Deployment strategies: Blue-Green x Canary x A/B Testing

In the last post on Cloud Computing for Beginners Series, we have covered the best practices that DevOps teams adopt in their systems development projects. In this post, we will deal with what is known in IT as deployment and the techniques for releasing applications for analysis and testing of specific features and functionalities. “Deploy” is nothing more than deploying a system or app, or in other words, making it work in a complete and stable way.

Before diving into the different types of deployment techniques available in the cloud market today, it is important to mention what a deployment strategy is. These are several techniques used to make changes or updates to an application without downtime on the system, in such a way that the user does not even notice what was done at the time.

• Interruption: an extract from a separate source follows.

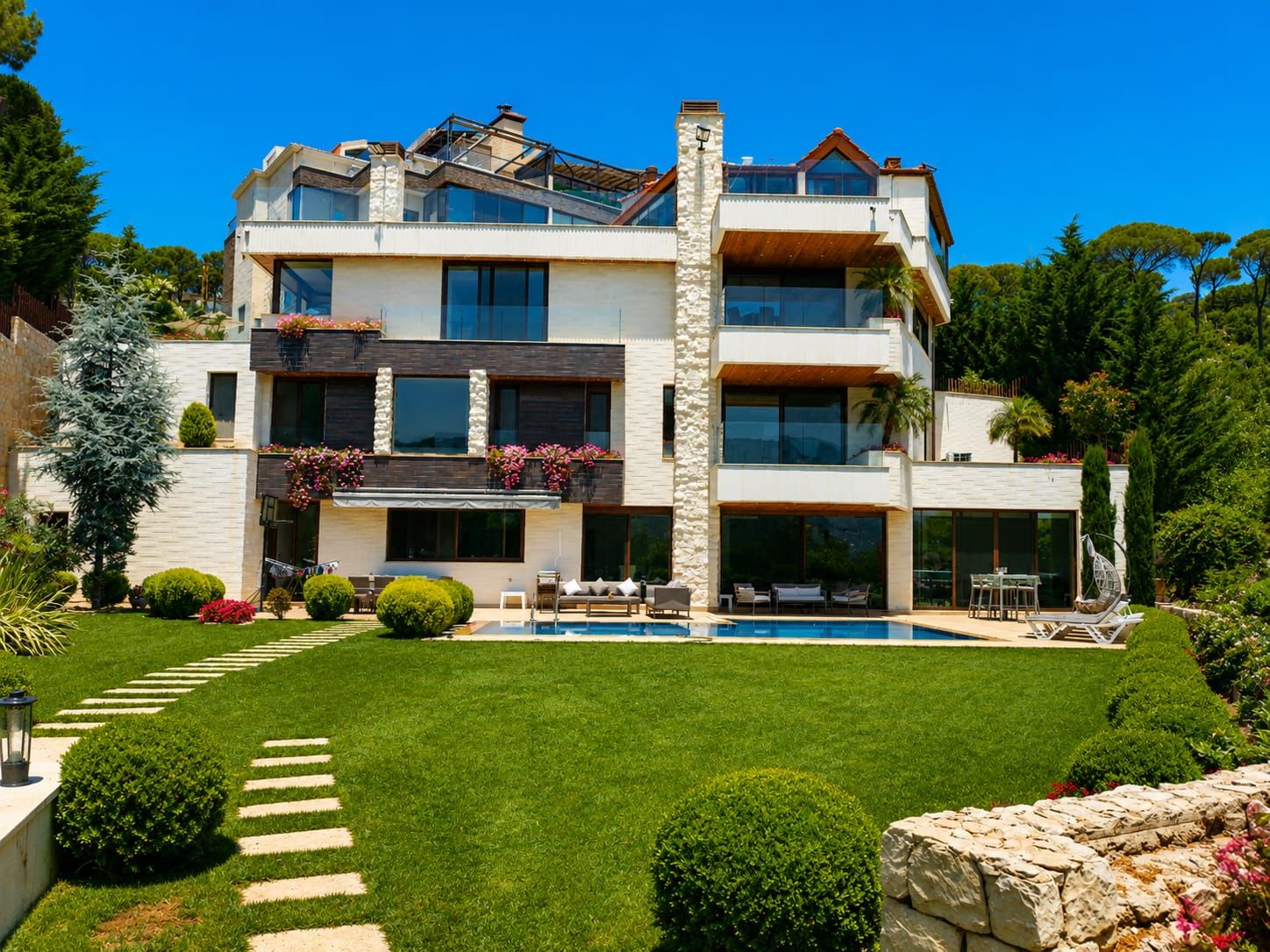 Villa Yassin with lawn, stepping stones and pool terrace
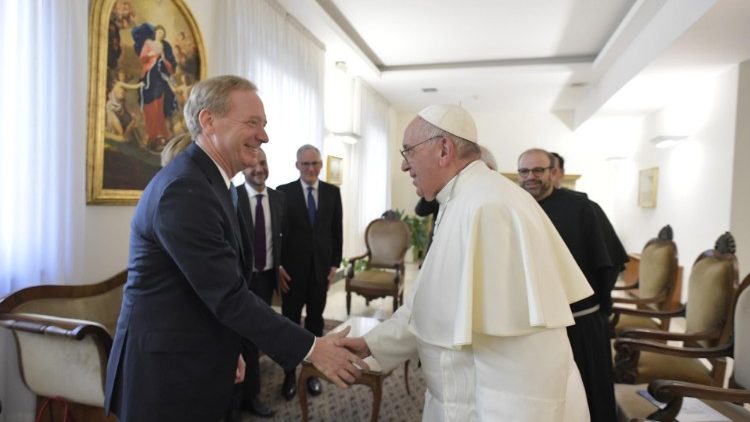 Audience privée du Pape et du président de Microsoft au Vatican, mercredi 13 février 2019.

The most common deployment strategy in use today is known as Blue-Green Deployment, and consists of an application release management technique that reduces downtime and also the risk of failures in the system when running two equal production environments, identified as “Blue” and “Green”. Usually, each one of them running a version of the application, and the other one running the next or previous version.

The goal is to provide reliable testing, continuous upgrades without interruptions, and instant rollback (not to be confused with “revisions”). At any time, only one of the environments is active, with the active environment serving all production traffic.

In the past, just before the blue-green deployment existed, there was the Rolling Deployment. As a comparison, in Rolling Deployment the user has only ONE complete environment to work. After a user starts to update the environment, the code is deployed to the subset of instances in the same environment and moves on to another subset upon completion. And that’s it. So it’s easy to understand why the BlueGreen deployment is clearly a “next level” update in software development.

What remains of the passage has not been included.